Module 7: Wait for Me

In Uncategorized on October 23, 2012 at 5:51 pm

Book Summary:  Mina and Suna are two Korean sisters that have a strong relationship.  Mina tries to live up to her her mother’s ,Uhmma, expectations to be at the top of her class.  Mina has secrets and tries to hide them from her mother and does not tell everything to Suna.  Suna is younger that Mina and is deaf in one ear.  She sees things differently and likes to hear music and tries not to be a burden to her mother.  It is during her summer of her senior year and Mina works for her family at their dry cleaning business.  When her father, Apa, hurts his back and they have to find someone to take his place.  They get help from their friend, Mrs. Kim and hire a young migrant worker named Ysrael.  Mina finds Ysrael attractive and can not lie to him.  Suna suddenly feels jealous because she wants to be older and looks as beautiful as her older sister Mina.  Mina falls in love with Ysrael and they both end up spending much time with each other.  Mina does not lie to Ysrael and tells him the truth about her education.  Thing soon to unravel for Mina when her mother finds out that someone is stealing from the cleaning business and blames Ysrael and fires him.  Jonathon, who is a friend of Mina’s and is getting ready to leave to college, helps Mina by altering her report card.  Mina wants to live her life of her own with freedom away from her mother.  Mina in love with Ysrael wants to be with him but in the end she realizes that spending time with her sister is a true value.

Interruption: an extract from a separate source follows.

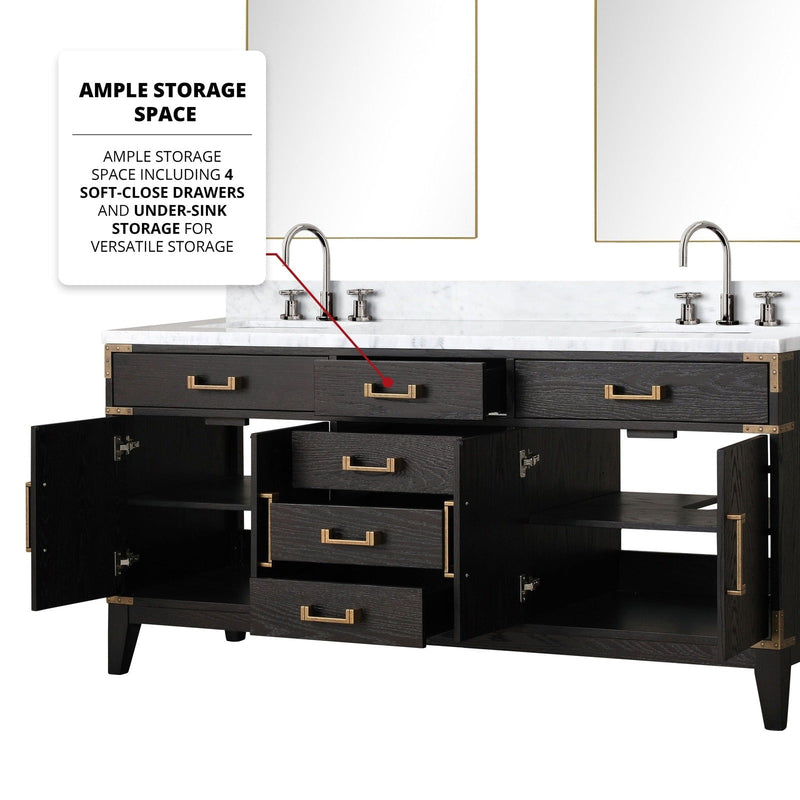 Laurel 72 " x 22" Double Bath Vanity - Backyard Provider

Na, A.  (2006).  Wait for Me.  New York, NY:  The Penguin Group.

Impressions:  I really enjoyed this book because it dealt with multicultural issues.  This book was a realistic fiction novel that deals with situations that are uncomfortable and with multicultural issues that are dealt with today’s issues.  Reading about an Asian girl falling in love with a Mexican was a shock.  I was not expecting another character to steer Mina to be independent.  She was not fulfilling her duties as a dutiful daughter.  She was lying to her mother to make her believe that she was fulfilling a dream to be educated and be the top of her class.  I would recommend this book to other avid readers to learn and talk about different ethnicities.  This book can teach readers about accepting others for who they are.

Professional Review:

Welch, C.  (2006, June).  Wait for Me (Review)

           [Review of the book Wait for Me, by A.N].

        Bulletin of the Center for Children’s Books 59(10), 464.  Retrieved from http://libproxy.library.unt.edu:2355/journals/bulletin_of_the_center_for_childrens_books/v059/59.10welch03.html

“This is a well-crafted tale, sensitively told: Na fashions the story and fleshes out her characters by juxtaposing Korean and American cultural traditions, parental dreams, and young adult desires, even birth-order differences between siblings. This opposition is emphasized by the format: alternating chapters in which Mina speaks for herself while Suna’s story is told in a third-person, present-tense narrative capturing her feelings of being once removed from the world and her mother’s love. There are some familiar cultural patterns here, but the mother-daughter conflict will resonate with teens of any culture who have wrestled parents for the right to choose their own paths. At times the ending seems inevitable, but Na doesn’t settle for easy resolution, and the conclusion respects her characters and their growth.”

Library Uses:  The book can be used as a theme to make bookmarks.  It can be a craft for young adults that can create something out of Korean cultural or tradition.  The book can be summarized and the ideas are passed around how to create a unique bookmark.  We can explain the different traditions and food that they may do or eat and use a favorite quote from the book.